Record extracts =>
————————
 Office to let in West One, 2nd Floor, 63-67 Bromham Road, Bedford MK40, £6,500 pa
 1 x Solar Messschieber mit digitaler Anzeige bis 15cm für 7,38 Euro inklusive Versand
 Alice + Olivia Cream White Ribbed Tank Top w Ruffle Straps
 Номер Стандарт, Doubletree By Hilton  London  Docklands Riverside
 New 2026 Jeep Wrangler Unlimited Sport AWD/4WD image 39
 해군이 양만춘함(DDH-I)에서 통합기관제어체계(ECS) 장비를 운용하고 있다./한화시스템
————————
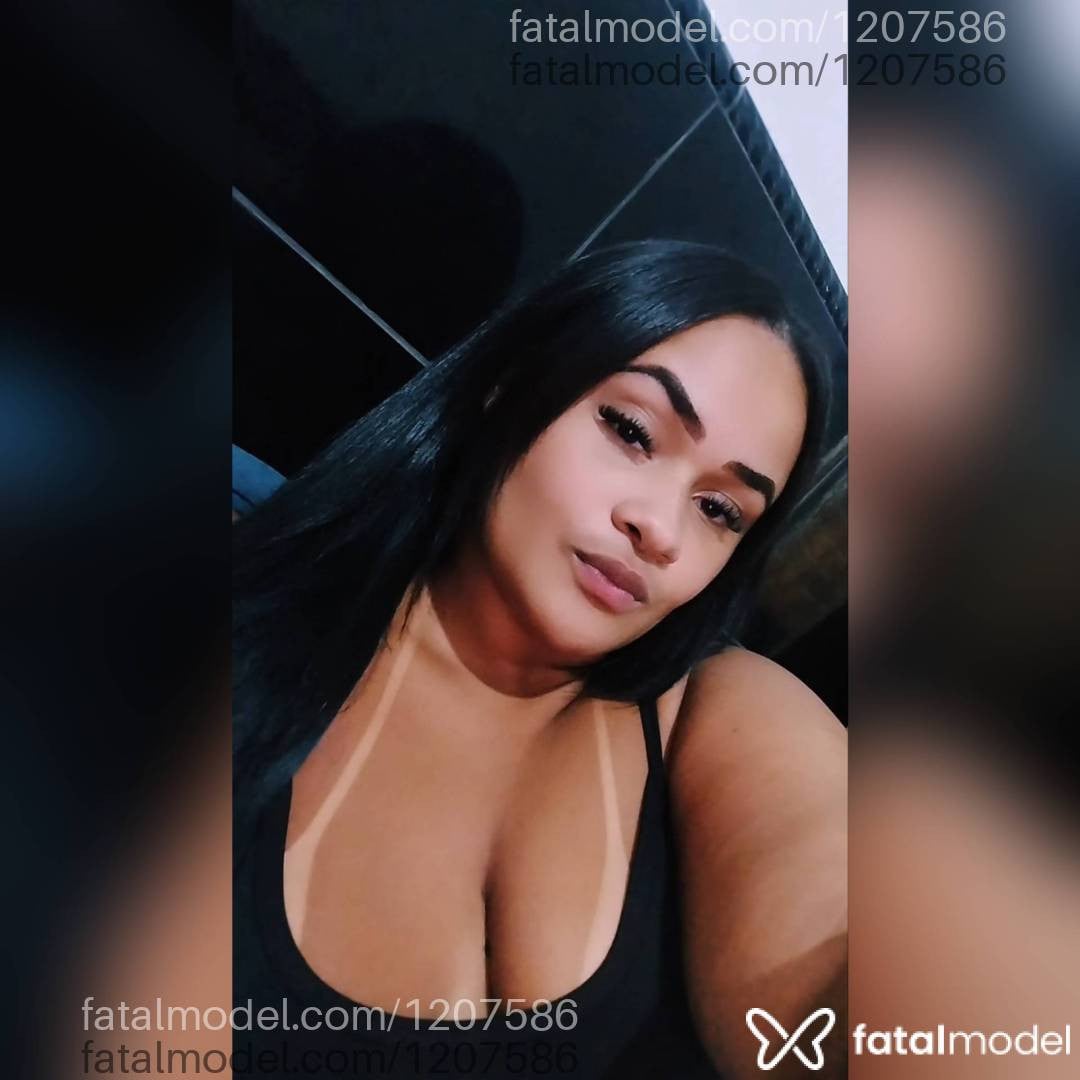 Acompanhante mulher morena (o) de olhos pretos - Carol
————————
Problem requirements => Could you write out, exactly as they stand, only the lines above that begin at the line with "Office to let" and stop after the line with "해군이 양만춘함(DDH-I)에서 통합기관제어체계(ECS)"?

Task response =>
 Office to let in West One, 2nd Floor, 63-67 Bromham Road, Bedford MK40, £6,500 pa
 1 x Solar Messschieber mit digitaler Anzeige bis 15cm für 7,38 Euro inklusive Versand
 Alice + Olivia Cream White Ribbed Tank Top w Ruffle Straps
 Номер Стандарт, Doubletree By Hilton  London  Docklands Riverside
 New 2026 Jeep Wrangler Unlimited Sport AWD/4WD image 39
 해군이 양만춘함(DDH-I)에서 통합기관제어체계(ECS) 장비를 운용하고 있다./한화시스템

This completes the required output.